** Records for the exercise **

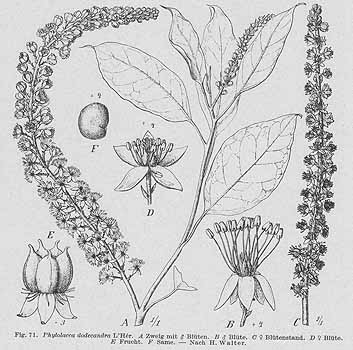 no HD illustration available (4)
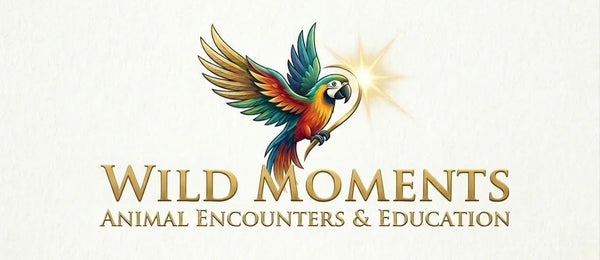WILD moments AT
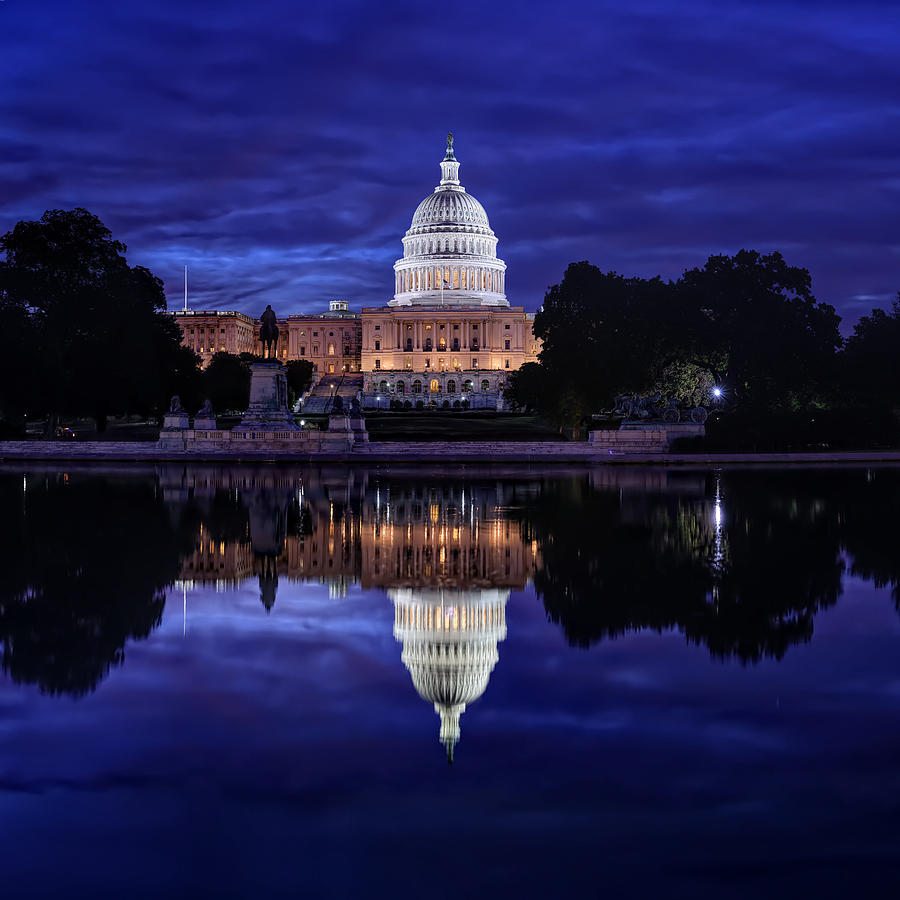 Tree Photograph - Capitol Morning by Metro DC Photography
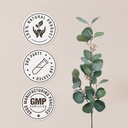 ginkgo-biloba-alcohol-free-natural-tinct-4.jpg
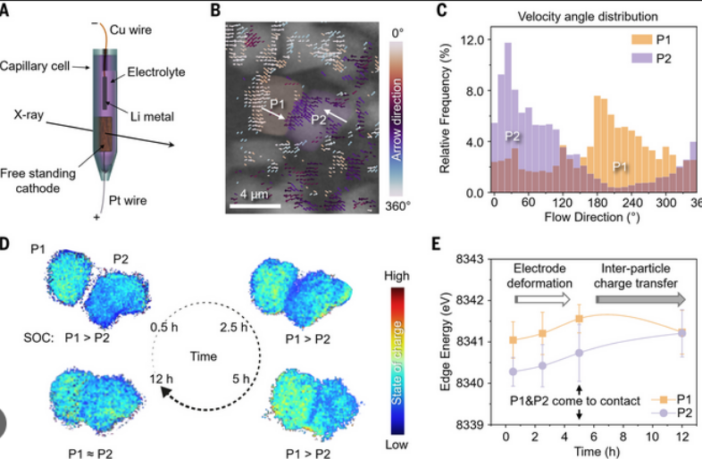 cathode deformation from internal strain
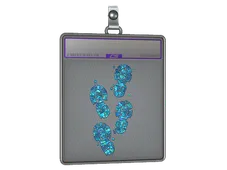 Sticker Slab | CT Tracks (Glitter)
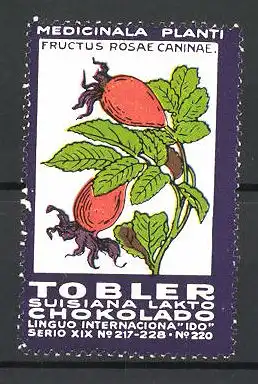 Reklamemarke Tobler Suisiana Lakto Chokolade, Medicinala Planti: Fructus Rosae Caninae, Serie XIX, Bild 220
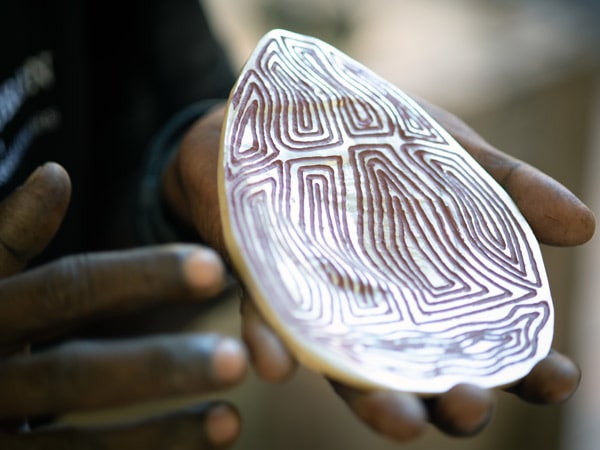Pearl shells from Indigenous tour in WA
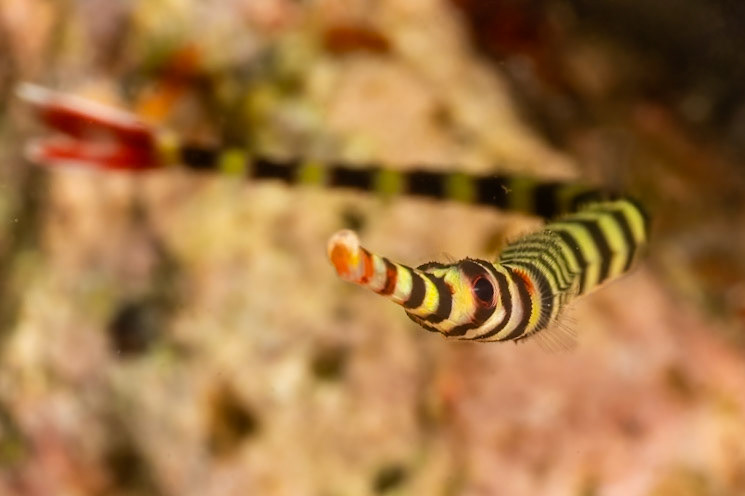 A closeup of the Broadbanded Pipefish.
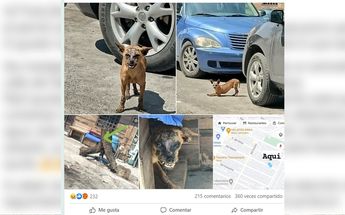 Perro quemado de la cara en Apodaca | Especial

** Task goal **
Everything from the line with "Tree Photograph - Capitol" down to the line with "A closeup of the Broadbanded Pipefish." in the data above should be copied exactly, with both end lines kept and the pictures left out.

** Result of this exercise **
 Tree Photograph - Capitol Morning by Metro DC Photography
 ginkgo-biloba-alcohol-free-natural-tinct-4.jpg
 cathode deformation from internal strain
 Sticker Slab | CT Tracks (Glitter)
 Reklamemarke Tobler Suisiana Lakto Chokolade, Medicinala Planti: Fructus Rosae Caninae, Serie XIX, Bild 220
Pearl shells from Indigenous tour in WA
 A closeup of the Broadbanded Pipefish.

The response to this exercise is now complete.